# Rangerwickett



## arwink (Apr 8, 2003)

Haven't caught you online since you posted the message in a hive thread, but I did send you an e-mail.  Though I'd better check that you got it


----------



## RangerWickett (Apr 8, 2003)

I got it.  I just have been uber-busy reading ~300 pages of Japanese history and English literary theory.  My brain no work so good.

Do you have any suggestions for art pieces you think would go well with the article section you've written?  We should probably try to get the article finished by the 21st.  The 28th is the latest we can turn it in.


----------



## arwink (Apr 9, 2003)

Cool.  Just thought I should check.  My mail has been doing wierd things lately.

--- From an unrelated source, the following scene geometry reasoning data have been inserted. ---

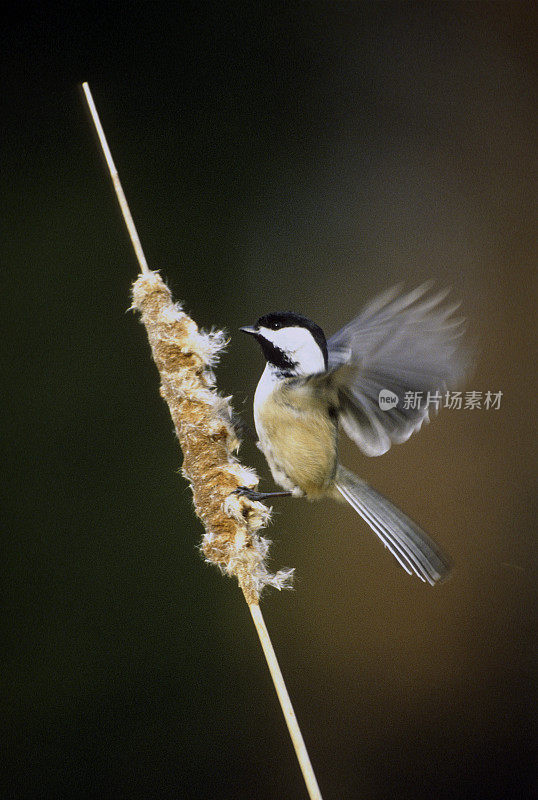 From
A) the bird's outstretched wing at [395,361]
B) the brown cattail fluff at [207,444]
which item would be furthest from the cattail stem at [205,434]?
the bird's outstretched wing at [395,361]

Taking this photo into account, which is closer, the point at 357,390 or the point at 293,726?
the point at 293,726

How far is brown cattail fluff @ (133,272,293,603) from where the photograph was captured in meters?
0.65

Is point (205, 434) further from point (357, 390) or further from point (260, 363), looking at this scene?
point (260, 363)

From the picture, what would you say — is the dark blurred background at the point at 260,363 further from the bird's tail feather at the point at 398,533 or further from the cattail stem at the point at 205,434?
the cattail stem at the point at 205,434

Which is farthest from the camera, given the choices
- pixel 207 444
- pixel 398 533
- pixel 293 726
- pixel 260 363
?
pixel 260 363

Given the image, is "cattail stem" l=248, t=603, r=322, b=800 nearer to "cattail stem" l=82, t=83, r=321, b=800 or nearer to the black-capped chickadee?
"cattail stem" l=82, t=83, r=321, b=800

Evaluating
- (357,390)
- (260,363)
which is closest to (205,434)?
(357,390)

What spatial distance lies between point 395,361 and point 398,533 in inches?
8.6

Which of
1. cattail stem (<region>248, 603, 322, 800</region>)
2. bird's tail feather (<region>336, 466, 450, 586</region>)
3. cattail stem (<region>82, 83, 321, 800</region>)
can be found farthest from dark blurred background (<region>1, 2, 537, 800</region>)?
cattail stem (<region>248, 603, 322, 800</region>)

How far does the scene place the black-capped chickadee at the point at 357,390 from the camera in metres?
0.71

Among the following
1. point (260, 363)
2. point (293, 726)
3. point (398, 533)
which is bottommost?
point (293, 726)

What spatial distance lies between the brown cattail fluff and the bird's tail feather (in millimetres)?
155

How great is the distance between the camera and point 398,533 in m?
0.78

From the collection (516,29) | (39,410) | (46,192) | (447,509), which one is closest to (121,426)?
(39,410) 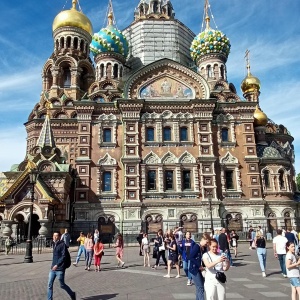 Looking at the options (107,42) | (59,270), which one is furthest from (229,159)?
(59,270)

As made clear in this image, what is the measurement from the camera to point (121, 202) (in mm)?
27812

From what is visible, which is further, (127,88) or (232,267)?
(127,88)

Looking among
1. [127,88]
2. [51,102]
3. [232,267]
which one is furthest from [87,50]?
[232,267]

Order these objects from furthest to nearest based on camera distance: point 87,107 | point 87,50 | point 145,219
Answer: point 87,50 < point 87,107 < point 145,219

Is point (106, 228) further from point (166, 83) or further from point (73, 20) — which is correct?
point (73, 20)

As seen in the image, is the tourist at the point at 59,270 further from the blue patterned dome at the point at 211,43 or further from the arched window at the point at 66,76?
the arched window at the point at 66,76

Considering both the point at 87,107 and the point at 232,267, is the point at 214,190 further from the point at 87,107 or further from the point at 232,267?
the point at 232,267

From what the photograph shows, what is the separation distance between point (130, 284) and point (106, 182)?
18.9 meters

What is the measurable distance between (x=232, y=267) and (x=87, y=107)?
Answer: 64.8 feet

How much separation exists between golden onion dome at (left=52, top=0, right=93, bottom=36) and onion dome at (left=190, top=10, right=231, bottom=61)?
43.5ft

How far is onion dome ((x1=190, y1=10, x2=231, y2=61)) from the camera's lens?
36125 millimetres

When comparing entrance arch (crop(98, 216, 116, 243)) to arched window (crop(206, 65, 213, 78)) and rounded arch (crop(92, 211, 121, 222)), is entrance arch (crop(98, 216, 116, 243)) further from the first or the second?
arched window (crop(206, 65, 213, 78))

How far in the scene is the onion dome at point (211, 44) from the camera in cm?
3612

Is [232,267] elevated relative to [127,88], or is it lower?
lower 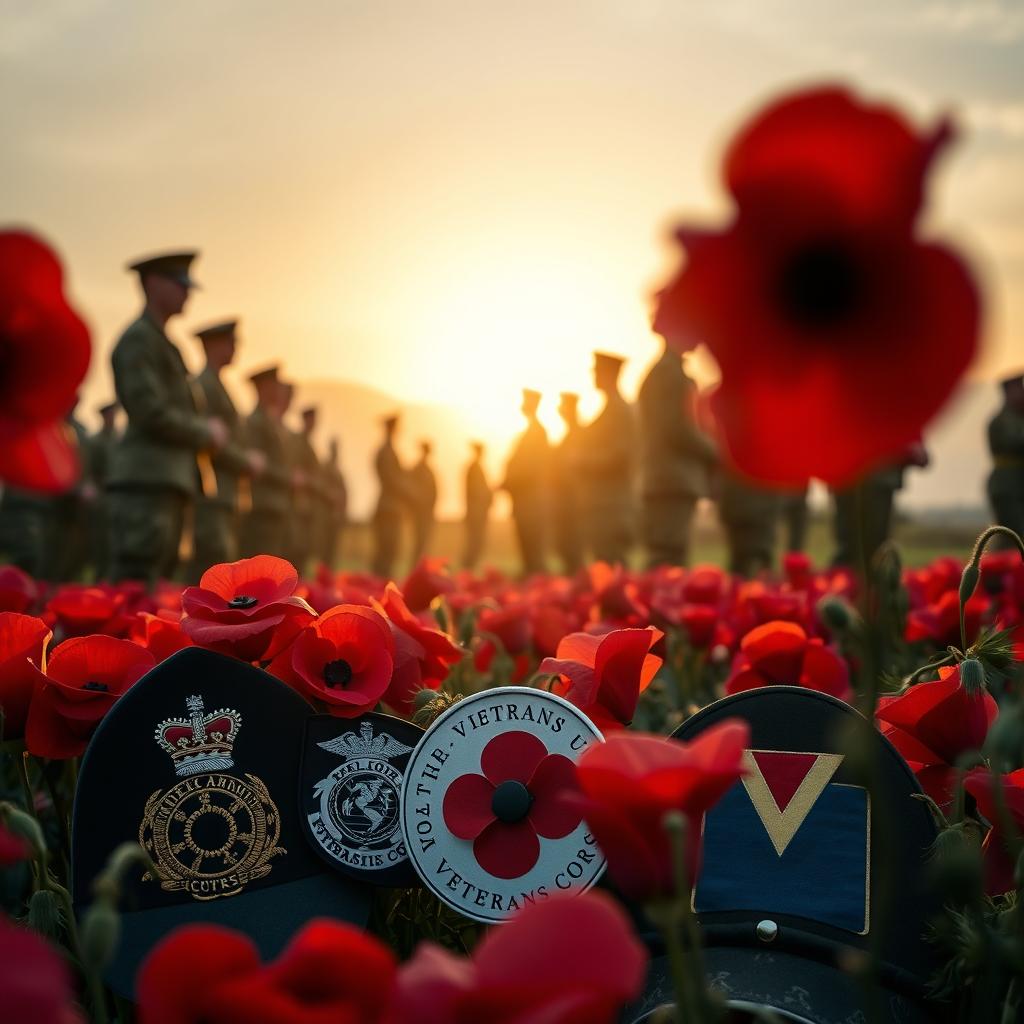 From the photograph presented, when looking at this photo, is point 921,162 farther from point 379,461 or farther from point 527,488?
point 379,461

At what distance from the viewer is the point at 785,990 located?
1.05 metres

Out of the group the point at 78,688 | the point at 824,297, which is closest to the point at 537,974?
the point at 824,297

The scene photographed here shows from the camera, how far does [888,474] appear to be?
682cm

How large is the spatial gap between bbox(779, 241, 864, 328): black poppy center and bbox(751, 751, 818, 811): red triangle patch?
2.24ft

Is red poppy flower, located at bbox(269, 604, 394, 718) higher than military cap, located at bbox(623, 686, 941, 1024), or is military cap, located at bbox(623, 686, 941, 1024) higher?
red poppy flower, located at bbox(269, 604, 394, 718)

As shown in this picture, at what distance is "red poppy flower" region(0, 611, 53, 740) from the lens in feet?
4.61

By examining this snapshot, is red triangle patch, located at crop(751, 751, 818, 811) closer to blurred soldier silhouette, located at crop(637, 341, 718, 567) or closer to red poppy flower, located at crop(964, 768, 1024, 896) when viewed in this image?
red poppy flower, located at crop(964, 768, 1024, 896)

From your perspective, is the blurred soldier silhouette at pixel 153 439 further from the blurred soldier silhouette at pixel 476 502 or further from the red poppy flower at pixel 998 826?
the blurred soldier silhouette at pixel 476 502

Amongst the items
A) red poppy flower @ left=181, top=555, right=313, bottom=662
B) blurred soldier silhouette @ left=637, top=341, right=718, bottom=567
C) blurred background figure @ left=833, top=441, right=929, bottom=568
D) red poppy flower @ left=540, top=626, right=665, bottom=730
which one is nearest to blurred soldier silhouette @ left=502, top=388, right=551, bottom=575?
blurred background figure @ left=833, top=441, right=929, bottom=568

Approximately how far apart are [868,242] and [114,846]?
3.23 feet

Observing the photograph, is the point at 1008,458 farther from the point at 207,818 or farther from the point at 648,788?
the point at 648,788

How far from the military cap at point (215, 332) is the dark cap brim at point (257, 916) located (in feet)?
24.2

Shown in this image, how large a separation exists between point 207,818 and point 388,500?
583 inches

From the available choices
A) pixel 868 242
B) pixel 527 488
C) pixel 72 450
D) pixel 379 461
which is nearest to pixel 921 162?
pixel 868 242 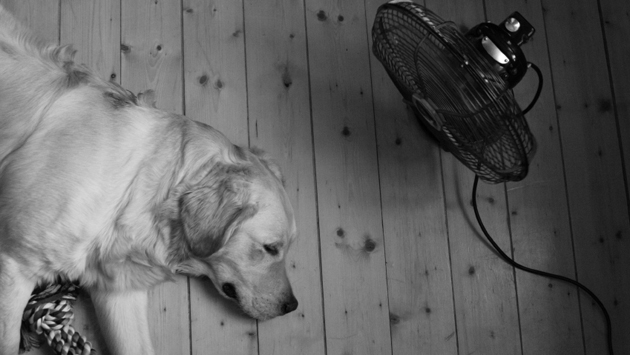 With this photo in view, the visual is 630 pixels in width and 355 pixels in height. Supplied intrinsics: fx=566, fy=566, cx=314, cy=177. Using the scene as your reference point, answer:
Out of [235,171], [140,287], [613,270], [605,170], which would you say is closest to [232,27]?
[235,171]

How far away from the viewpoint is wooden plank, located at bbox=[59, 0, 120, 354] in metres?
1.79

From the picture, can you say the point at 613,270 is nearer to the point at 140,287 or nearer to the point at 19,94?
the point at 140,287

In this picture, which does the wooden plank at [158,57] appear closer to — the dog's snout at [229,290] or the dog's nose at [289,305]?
the dog's snout at [229,290]

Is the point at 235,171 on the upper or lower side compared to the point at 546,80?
lower

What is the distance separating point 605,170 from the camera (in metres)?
2.00

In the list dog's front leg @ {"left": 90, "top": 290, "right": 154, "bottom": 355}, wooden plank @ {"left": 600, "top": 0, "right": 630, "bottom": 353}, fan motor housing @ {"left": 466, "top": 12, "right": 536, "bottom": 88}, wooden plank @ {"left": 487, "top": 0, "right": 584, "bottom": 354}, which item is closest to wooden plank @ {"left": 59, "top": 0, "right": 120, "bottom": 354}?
dog's front leg @ {"left": 90, "top": 290, "right": 154, "bottom": 355}

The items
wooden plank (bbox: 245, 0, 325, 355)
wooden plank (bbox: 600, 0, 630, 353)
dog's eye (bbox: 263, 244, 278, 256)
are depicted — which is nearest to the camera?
dog's eye (bbox: 263, 244, 278, 256)

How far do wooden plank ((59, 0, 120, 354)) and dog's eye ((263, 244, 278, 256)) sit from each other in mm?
774

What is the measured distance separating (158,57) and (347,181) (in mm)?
733

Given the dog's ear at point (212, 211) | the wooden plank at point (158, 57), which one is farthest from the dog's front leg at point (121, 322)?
the dog's ear at point (212, 211)

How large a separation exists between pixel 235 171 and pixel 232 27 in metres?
0.68

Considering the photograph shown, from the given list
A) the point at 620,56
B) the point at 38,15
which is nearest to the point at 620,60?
the point at 620,56

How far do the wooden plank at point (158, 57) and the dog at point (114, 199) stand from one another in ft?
0.54

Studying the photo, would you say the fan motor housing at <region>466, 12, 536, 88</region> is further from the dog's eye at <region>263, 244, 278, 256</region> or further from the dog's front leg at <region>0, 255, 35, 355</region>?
the dog's front leg at <region>0, 255, 35, 355</region> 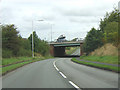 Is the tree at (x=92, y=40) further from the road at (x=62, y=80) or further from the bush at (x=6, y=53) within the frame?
the road at (x=62, y=80)

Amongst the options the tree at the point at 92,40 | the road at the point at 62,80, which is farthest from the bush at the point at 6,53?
the tree at the point at 92,40

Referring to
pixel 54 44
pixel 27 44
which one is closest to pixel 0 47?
pixel 27 44

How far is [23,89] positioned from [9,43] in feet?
98.3

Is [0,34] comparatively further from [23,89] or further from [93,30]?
[23,89]

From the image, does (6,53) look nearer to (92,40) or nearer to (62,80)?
(92,40)

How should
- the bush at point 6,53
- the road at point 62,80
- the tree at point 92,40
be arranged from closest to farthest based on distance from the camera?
the road at point 62,80 < the bush at point 6,53 < the tree at point 92,40

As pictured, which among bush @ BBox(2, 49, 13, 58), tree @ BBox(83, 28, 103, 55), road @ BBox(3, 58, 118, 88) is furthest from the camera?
tree @ BBox(83, 28, 103, 55)

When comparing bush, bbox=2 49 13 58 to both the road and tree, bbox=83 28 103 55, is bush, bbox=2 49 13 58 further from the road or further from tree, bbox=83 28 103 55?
tree, bbox=83 28 103 55

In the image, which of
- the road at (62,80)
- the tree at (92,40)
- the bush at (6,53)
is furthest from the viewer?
the tree at (92,40)

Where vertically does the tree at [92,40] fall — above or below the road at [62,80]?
above

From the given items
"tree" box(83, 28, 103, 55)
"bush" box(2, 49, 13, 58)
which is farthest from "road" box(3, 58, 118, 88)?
"tree" box(83, 28, 103, 55)

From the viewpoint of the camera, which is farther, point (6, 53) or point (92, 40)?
point (92, 40)

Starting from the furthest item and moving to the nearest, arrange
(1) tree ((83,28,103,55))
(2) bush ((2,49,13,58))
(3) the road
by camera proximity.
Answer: (1) tree ((83,28,103,55)) < (2) bush ((2,49,13,58)) < (3) the road

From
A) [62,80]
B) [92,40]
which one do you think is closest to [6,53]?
[92,40] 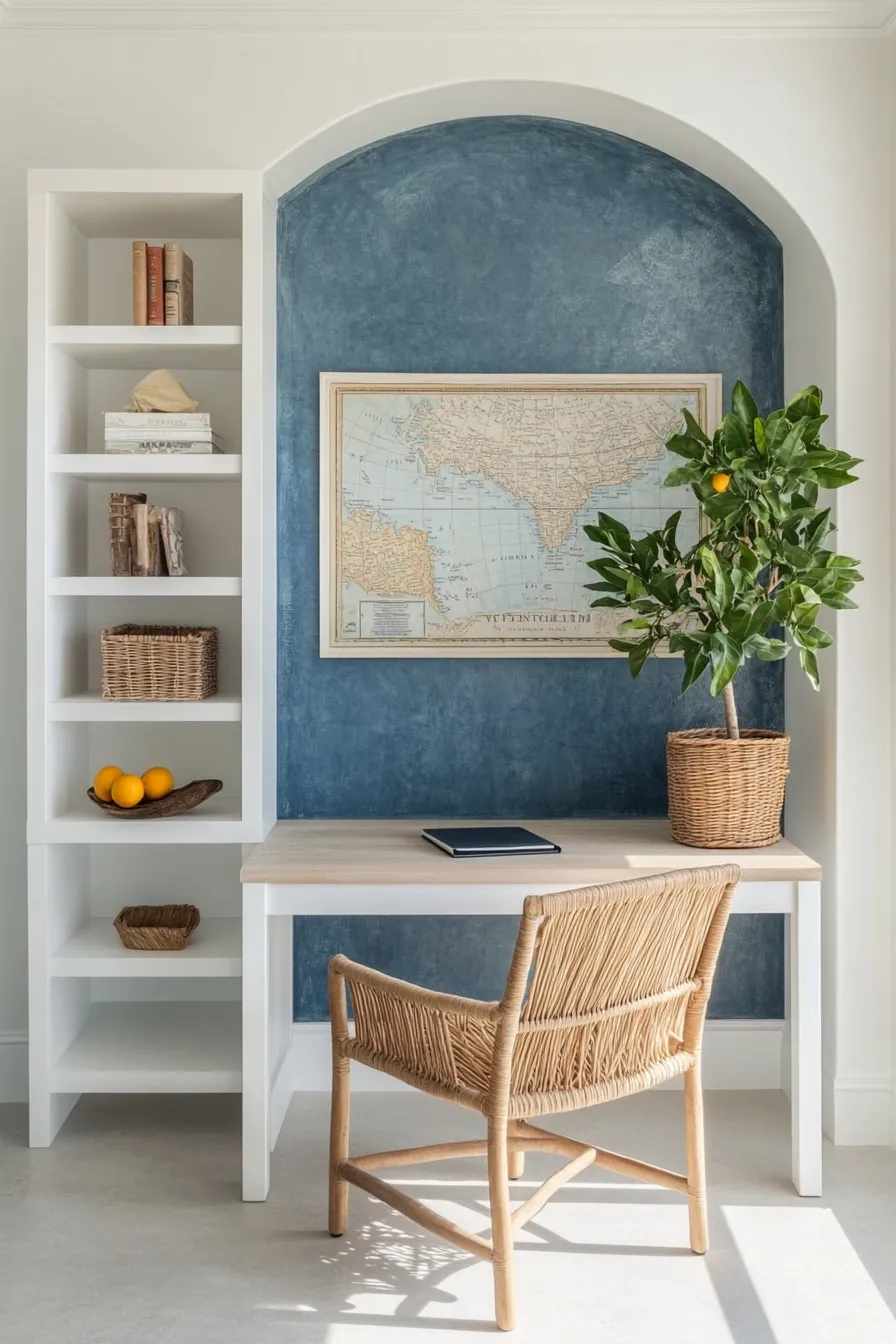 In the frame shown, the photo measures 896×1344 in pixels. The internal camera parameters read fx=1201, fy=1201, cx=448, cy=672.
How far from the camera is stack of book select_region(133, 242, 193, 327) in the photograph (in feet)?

I'll e-mail some art suggestions tomorrow when I get back to the computer with the draft on it


----------



## Alzrius (Apr 9, 2003)

RangerWickett said:
			
		

> *I got it.  I just have been uber-busy reading ~300 pages of Japanese history and English literary theory.  My brain no work so good. *




As a fellow Japanese Studies major, I feel your pain.


----------



## masque (Apr 10, 2003)

*More Japanese Studies?*

*raised hand*  Me too.  Is it ancient or modern Japanese history?  I can't get my uni to offer ancient because they think there isn't any demand for it.


----------